** Your objective **
Give back the lines below exactly, but do not include any pictures.

** Collected material **
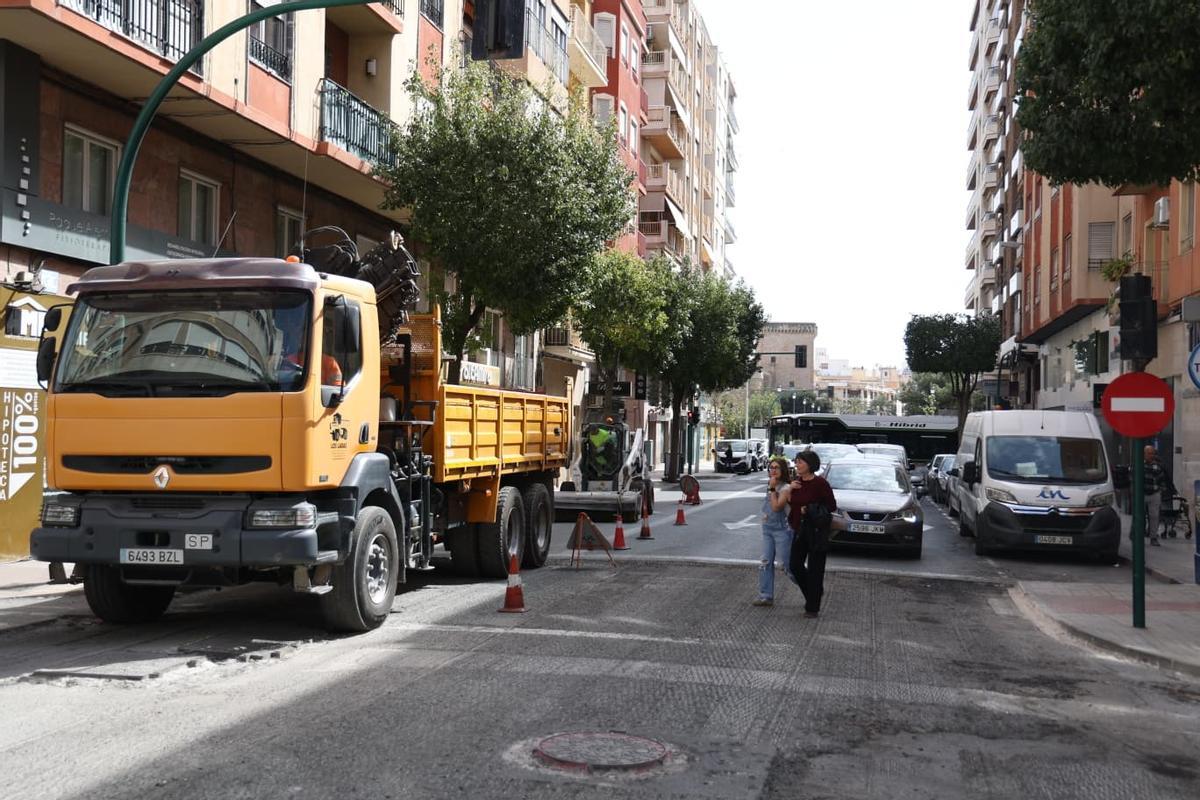 El Ayuntamiento ha aprovechado las vacaciones de Semana Santa y Pascua en los colegios de Elche para realizar tareas de asfaltado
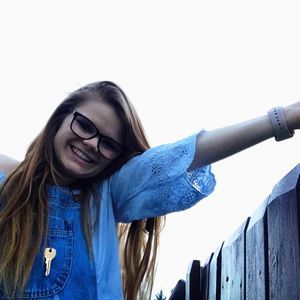 Meet your Posher, Dezerae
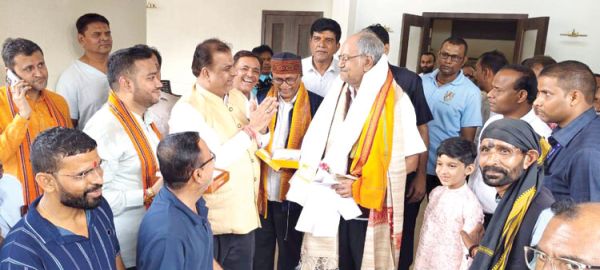 रायपुर शहर जिले की नव नियुक्त पदाधिकारी मिले सांसद बृजमोहन से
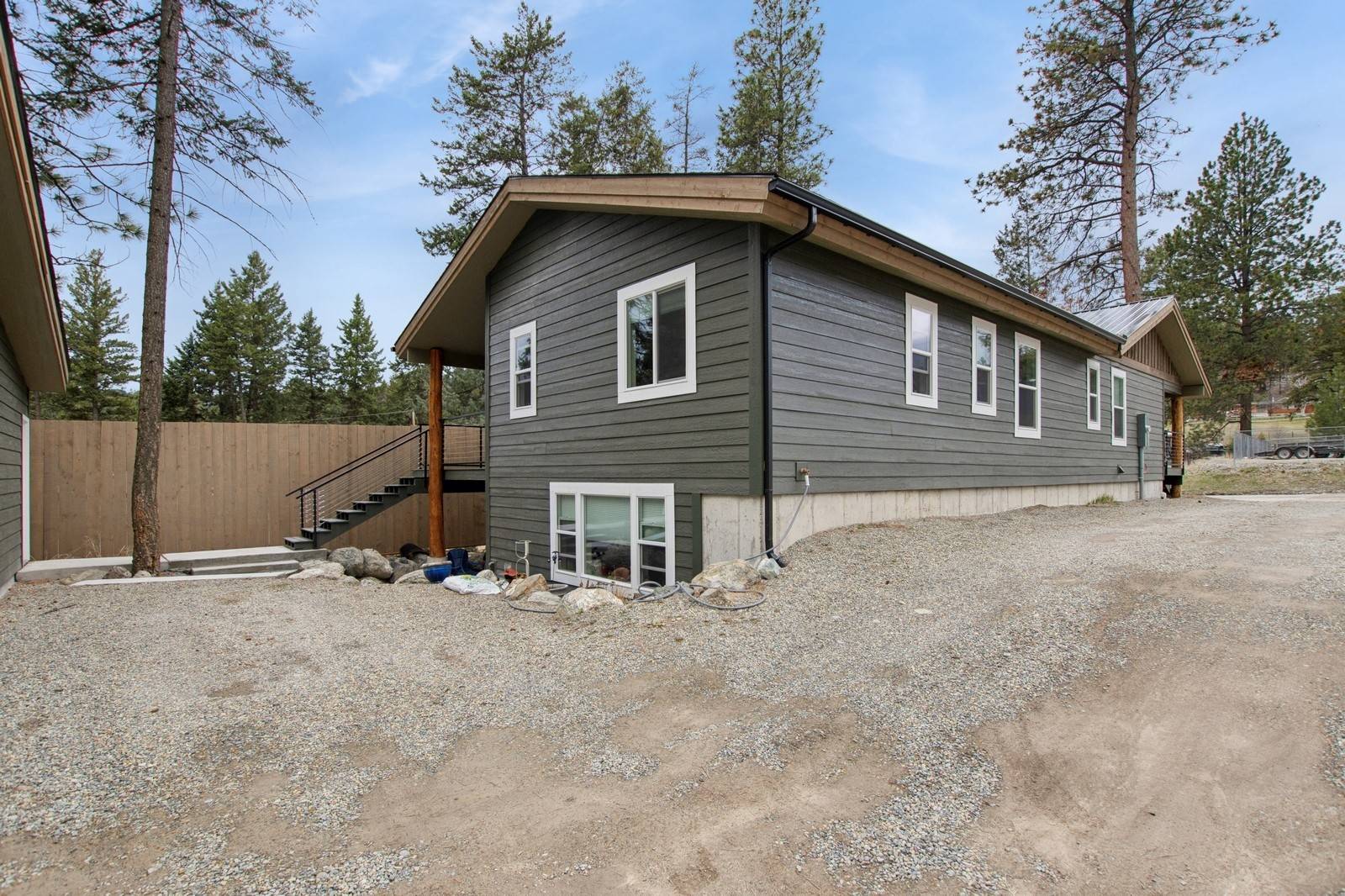 Lakeside, MT 59922,131 Clothier LN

** Response to this exercise **
 El Ayuntamiento ha aprovechado las vacaciones de Semana Santa y Pascua en los colegios de Elche para realizar tareas de asfaltado
 Meet your Posher, Dezerae
 रायपुर शहर जिले की नव नियुक्त पदाधिकारी मिले सांसद बृजमोहन से
 Lakeside, MT 59922,131 Clothier LN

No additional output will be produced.